■ Instructions to follow ■
Write the listing out again word for word. Pictures do not belong in the copy.

■ The data ■

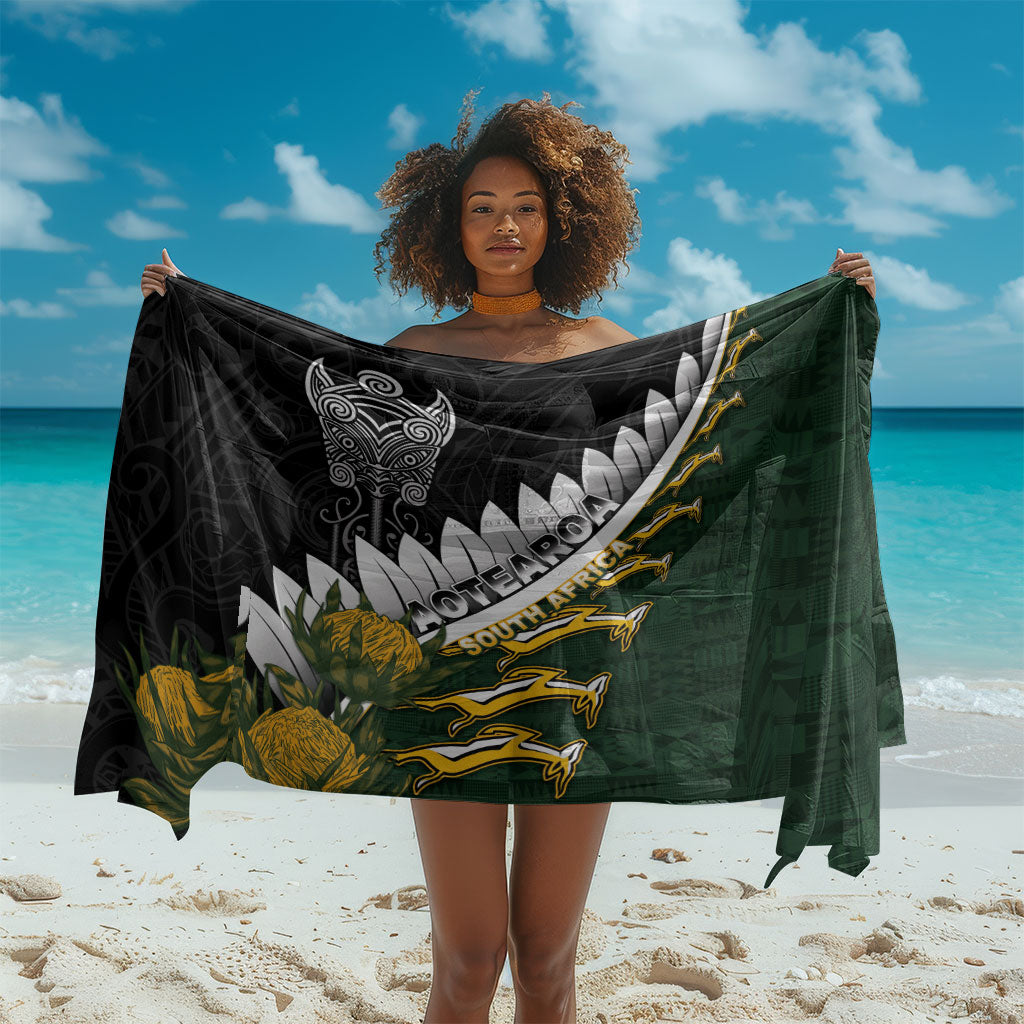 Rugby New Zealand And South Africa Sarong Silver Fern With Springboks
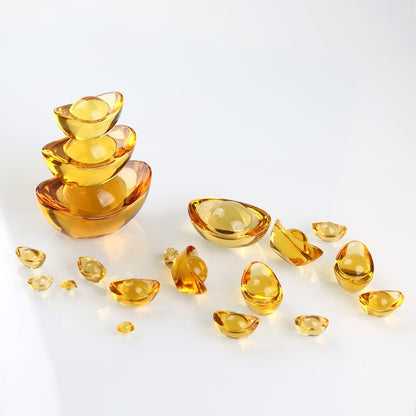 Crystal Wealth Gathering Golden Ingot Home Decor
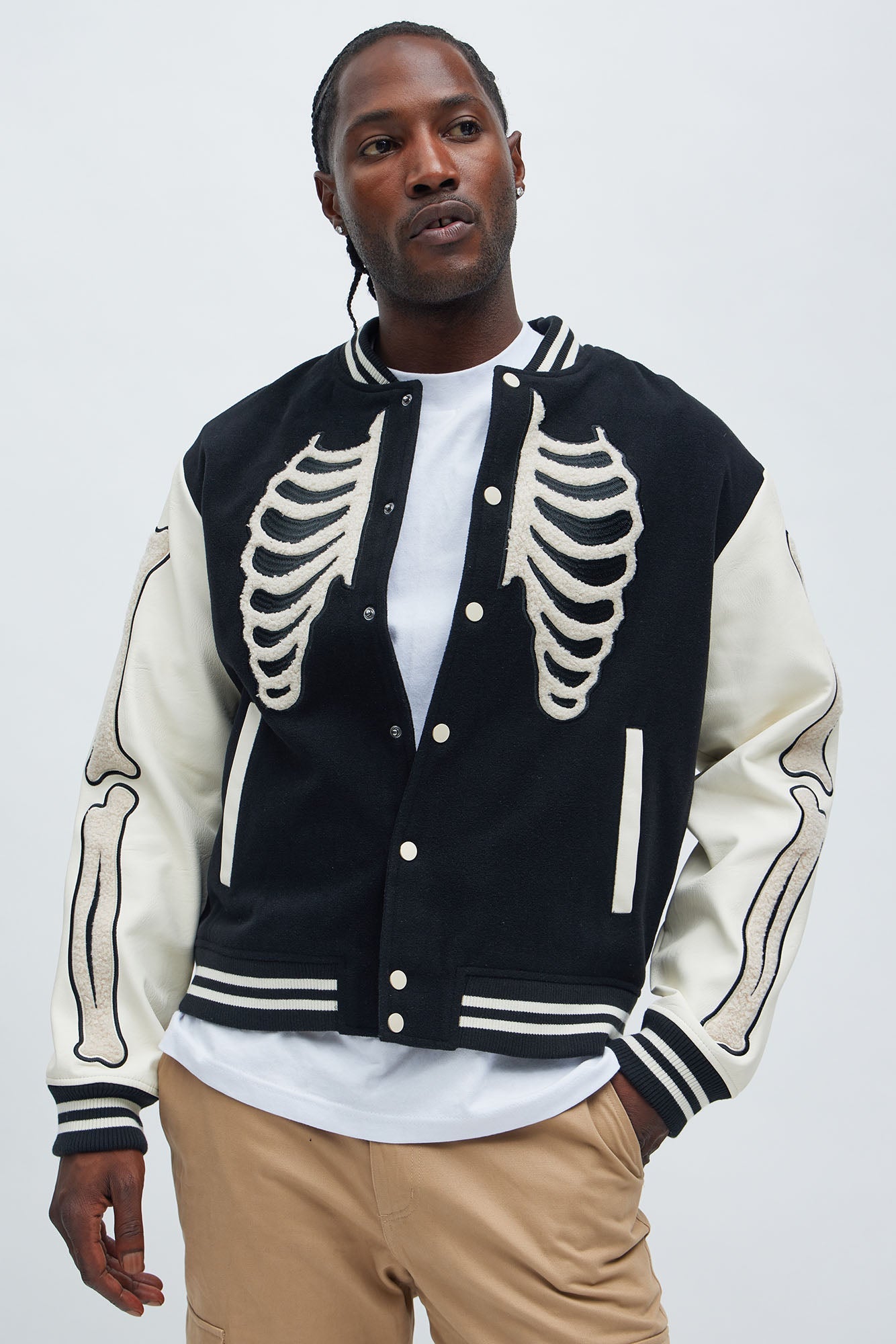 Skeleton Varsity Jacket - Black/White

■ Answer space ■
 Rugby New Zealand And South Africa Sarong Silver Fern With Springboks
 Crystal Wealth Gathering Golden Ingot Home Decor
 Skeleton Varsity Jacket - Black/White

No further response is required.